Пародировать короткую строчку Дорошевича довольно легко, как, равным образом, удобно поддается пародии лапидарно-сентенциозный стиль прозы Виктора Гюго (вспомним хотя бы пародии Брет Гарта!), бывшей ее источником. Но серьезно писать короткою строчкою Дорошевича - в самом деле писать - решительно никому не удавалось. Уж, кажется, хороший стилист был покойный А.С. Суворин и владел русским языком, как древнерусский воин копьем и конем. Однако, когда, по смерти своего московского фельетониста, А.Д. Курепина, он сам попробовал вести московский фельетон "Нового времени", спрятав себя под псевдоним, а свою собственную блистательную манеру "Маленького письма" в лаконическую отрывчатость "короткой строки" Дорошевича, маститый журналист потерпел в этом опыте совершеннейшее фиаско. Слог выходил, но было скучно. После трех фельетонов Суворин забастовал.

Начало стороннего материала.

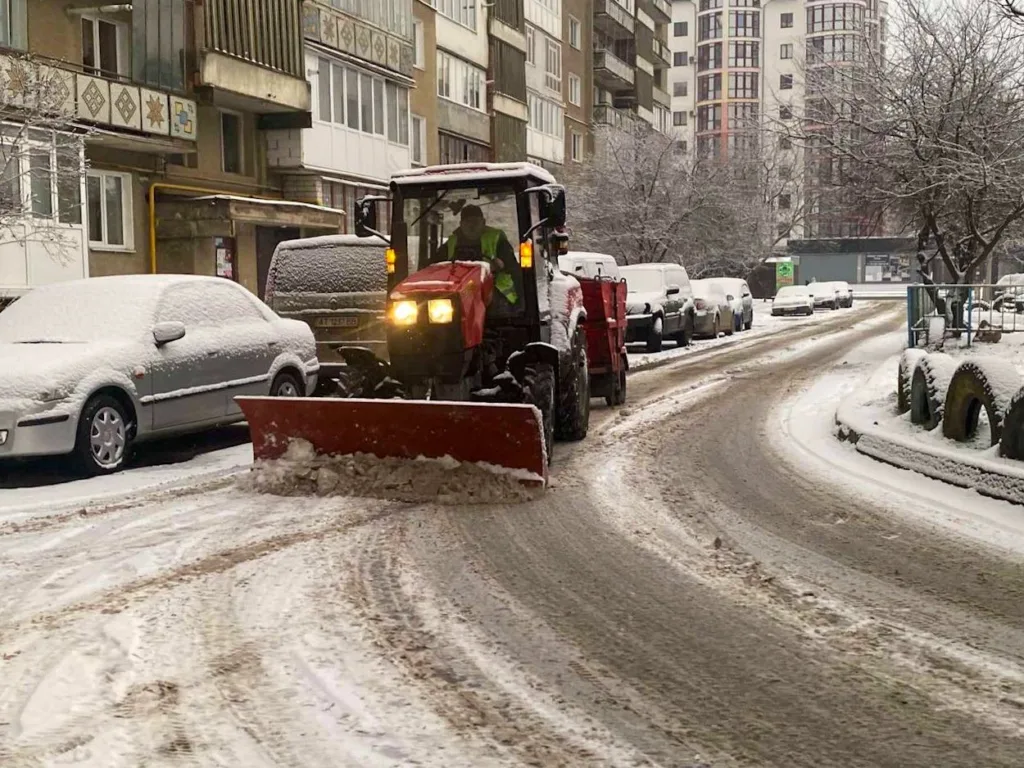 Трактор прибирає сніг на міській вулиці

Я лично короткую строку Дорошевича всегда считал насилием над русским языком, которое может быть извинительно, допустимо и даже, пожалуй, иной раз красиво только при условии, что столь сомнительное оружие находится в руках такого блистательного стилиста и знатока русской речи, как покойный Влас Михайлович. Вообще же работы в этой манере (иначе как для пародии) я терпеть не мог. Однако было время, в первой половине 90-х годов, когда на короткую строку Дорошевича стояла настолько требовательная и упорная мода, что "За день", "Злобы дня" и т.п. "маленький фельетон" нельзя было писать иначе.

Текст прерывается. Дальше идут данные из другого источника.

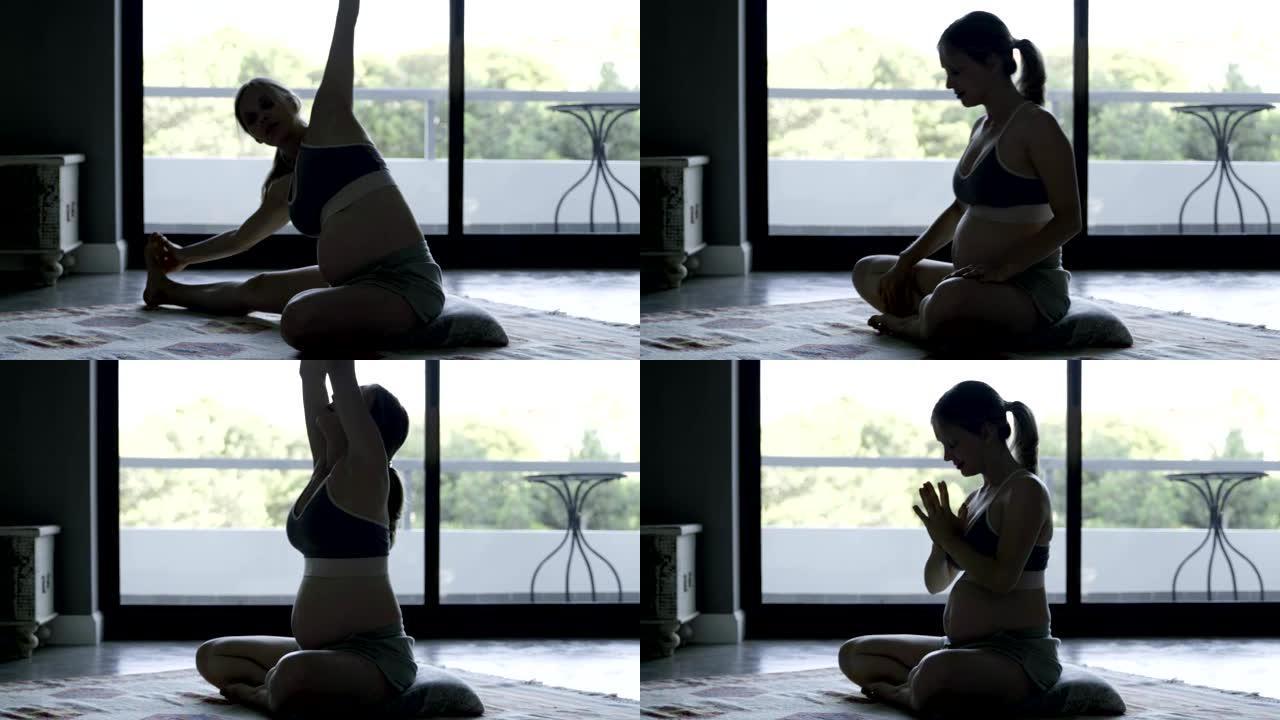 宁静的孕妇在家练习瑜伽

В московских "Новостях дня" я - уже Old Gentleman "Нового времени", следовательно, журналист, в некотором роде привилегированный, диктующий свои условия, - занял место Дорошевича, ушедшего к конкуренту - в "Московский листок". Ну и что же? Со стороны издательства первым непременным условием было мне поставлено сохранить заголовок "маленького фельетона" - привычный при Дорошевиче, - "За день". (Правда, изобретено оно было не Дорошевичем, а издателем "Новостей дня" А.Я. Липскеровым, однако эта наша экономия на использованный заголовок дала В.М. Дорошевичу предлог отлично высмеять нас в своем собственном "За день" "Московского листка", под заголовком "Остерегаться подделок".) А во-вторых, бывало, сдашь редактору "Новостей дня" А.С. Эрмансу (очень милому человеку, которого люблю и по сие время) "За день", написанный по-своему, в моей манере, без ненавистных "коротких строчек", - все равно: он явится в печати разбитым на строки, от точки до точки.